Enterprises assessing their data protection infrastructure would do well to begin by asking the following questions:
· Do you know how much money you spend to protect different types of data and whether or not your most important data has the highest level of protection?
· How quickly can you recover different applications as well as data in the event of human error, system failure, or disaster?
· Is data at your remote offices protected consistently?
· Do you frequently test data recovery as well as your state of disaster recovery readiness?
· Can you quickly retrieve data such as files or email from online and offline sources in audit situations or recovery emergencies?
· Can you effectively demonstrate and report on protected data across business units, locations and applications?

While few organizations can answer all of these questions affirmatively, too many negative or ambiguous responses present a strong argument for revising your data protection infrastructure and policies and considering data deduplication technology.


Flexibility from the Remote Office to the Data Center

Data deduplication technology is being deployed in both the remote office and in the data center to help companies centralize their backup data, reduce storage costs, and improve both local and disaster recovery efficiency. Data deduplication eliminates redundant backup data at a block level across multiple backup sets and locations making file names, attributes, and physical locations irrelevant. It can function at the start of the backup process, before data ever leaves the server, to reduce the network bandwidth required, or it can be deployed behind a backup application, as a disk-based storage target. Both approaches can offer storage efficiencies that range from 10-50 times and even greater bandwidth savings.

Where and how to deploy data deduplication technology will depend on the user’s environment and recovery needs. With client-side deduplication (or front-end), you place a client (i.e., small amount of software) on a server in place of a traditional backup agent. This client eliminates duplicate backup data before sending it across the network.
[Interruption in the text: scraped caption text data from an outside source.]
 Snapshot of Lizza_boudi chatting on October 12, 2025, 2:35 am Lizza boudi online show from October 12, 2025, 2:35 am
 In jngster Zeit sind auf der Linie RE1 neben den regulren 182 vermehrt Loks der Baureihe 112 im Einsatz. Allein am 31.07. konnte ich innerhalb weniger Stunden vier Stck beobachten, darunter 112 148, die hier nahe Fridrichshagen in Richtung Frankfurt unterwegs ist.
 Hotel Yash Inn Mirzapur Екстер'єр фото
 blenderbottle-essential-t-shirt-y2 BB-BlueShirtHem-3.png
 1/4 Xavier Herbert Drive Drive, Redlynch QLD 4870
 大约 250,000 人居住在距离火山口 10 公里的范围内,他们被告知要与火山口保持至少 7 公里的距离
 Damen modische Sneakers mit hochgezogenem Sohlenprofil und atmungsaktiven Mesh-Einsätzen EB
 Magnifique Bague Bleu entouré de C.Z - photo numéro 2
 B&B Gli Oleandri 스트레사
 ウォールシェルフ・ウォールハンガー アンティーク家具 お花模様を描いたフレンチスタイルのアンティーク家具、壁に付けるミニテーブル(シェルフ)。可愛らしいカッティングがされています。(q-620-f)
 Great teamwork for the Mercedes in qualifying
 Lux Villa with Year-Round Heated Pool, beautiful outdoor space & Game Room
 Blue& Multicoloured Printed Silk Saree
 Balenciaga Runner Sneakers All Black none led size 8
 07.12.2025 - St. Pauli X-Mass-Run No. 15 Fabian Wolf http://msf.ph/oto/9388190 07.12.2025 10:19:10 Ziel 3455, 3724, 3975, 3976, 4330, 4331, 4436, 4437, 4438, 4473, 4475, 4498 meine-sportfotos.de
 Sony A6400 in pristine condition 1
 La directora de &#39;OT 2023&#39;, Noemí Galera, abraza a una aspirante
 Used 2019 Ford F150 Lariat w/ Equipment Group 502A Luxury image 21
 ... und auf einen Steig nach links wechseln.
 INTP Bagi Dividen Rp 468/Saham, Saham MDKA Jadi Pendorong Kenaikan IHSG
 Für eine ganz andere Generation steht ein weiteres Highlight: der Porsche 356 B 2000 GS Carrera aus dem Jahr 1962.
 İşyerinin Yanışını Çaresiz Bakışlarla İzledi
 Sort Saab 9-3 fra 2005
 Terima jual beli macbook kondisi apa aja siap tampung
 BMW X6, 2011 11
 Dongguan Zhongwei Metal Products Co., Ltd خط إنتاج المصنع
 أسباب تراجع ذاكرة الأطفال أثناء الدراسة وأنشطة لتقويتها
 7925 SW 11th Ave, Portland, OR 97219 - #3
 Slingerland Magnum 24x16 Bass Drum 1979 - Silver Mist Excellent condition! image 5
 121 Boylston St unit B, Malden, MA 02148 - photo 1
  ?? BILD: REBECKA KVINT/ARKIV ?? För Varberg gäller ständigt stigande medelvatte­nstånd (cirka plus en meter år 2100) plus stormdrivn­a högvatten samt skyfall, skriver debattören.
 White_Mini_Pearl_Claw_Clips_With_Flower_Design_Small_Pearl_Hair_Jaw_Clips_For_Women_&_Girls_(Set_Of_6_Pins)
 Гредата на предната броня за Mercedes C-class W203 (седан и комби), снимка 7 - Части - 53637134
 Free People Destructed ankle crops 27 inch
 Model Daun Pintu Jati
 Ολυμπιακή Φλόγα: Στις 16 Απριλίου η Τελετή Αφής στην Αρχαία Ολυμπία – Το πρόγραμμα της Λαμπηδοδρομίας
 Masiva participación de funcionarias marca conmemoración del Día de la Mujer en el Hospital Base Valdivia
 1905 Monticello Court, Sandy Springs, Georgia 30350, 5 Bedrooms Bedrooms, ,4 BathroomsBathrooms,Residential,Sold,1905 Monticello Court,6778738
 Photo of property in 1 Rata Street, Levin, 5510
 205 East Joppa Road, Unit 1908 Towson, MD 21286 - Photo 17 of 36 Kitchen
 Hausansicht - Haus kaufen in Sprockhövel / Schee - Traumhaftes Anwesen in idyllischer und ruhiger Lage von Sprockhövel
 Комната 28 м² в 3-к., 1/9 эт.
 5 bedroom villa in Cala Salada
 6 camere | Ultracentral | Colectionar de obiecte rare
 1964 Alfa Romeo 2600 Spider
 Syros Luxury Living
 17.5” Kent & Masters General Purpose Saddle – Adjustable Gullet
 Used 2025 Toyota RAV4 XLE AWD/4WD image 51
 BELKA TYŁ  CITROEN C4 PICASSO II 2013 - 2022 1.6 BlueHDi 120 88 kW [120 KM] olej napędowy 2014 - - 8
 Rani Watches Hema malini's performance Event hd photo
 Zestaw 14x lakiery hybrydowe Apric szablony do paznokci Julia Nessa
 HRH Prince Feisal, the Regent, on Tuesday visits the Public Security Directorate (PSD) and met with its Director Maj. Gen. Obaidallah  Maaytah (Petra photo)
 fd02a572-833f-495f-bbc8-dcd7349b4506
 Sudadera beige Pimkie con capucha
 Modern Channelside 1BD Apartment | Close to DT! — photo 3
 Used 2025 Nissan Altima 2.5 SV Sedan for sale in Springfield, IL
This bandwidth efficient approach is ideal for systems in remote offices, virtual environments (e.g., VMware ESX servers), or smaller offices with limited bandwidth. And unlike a traditional backup approach where backups streams flood the network, limiting the scheduling of backup jobs, client-side deduplication enables you to run many jobs simultaneously because a given backup job needs anywhere from 10-500 times less bandwidth. Companies can leverage client-side deduplication for bandwidth constrained backup systems such as those found in remote offices and virtual environments to increase the reliability of recovery, to centralize backup data, and reduce storage costs.

Storage-based deduplication is gaining popularity in the data center as a way to help manage storage growth, recover data from disk, and expand disk-based disaster recovery to lower tiers of data. Unlike client-side deduplication, storage-based deduplication normally does not require any changes to your backup software. It can be deployed as a hardware storage appliance or as software solution that uses your own combination of servers and storage. Both approaches reduce the size of a backup after it has streamed across a network and through a backup server. Most customers have fewer concerns about backup bandwidth in the data center. The storage efficiencies are the same as with client-side deduplication and typically reduce aggregate storage required for a backup (over a given retention time) by 10-20 times, when compared to tape. For data with short retention periods (e.g., one to four weeks), using deduplication can be especially appealing because it can improve the reliability of recovery and help companies control tape related costs in the face of growing data volumes.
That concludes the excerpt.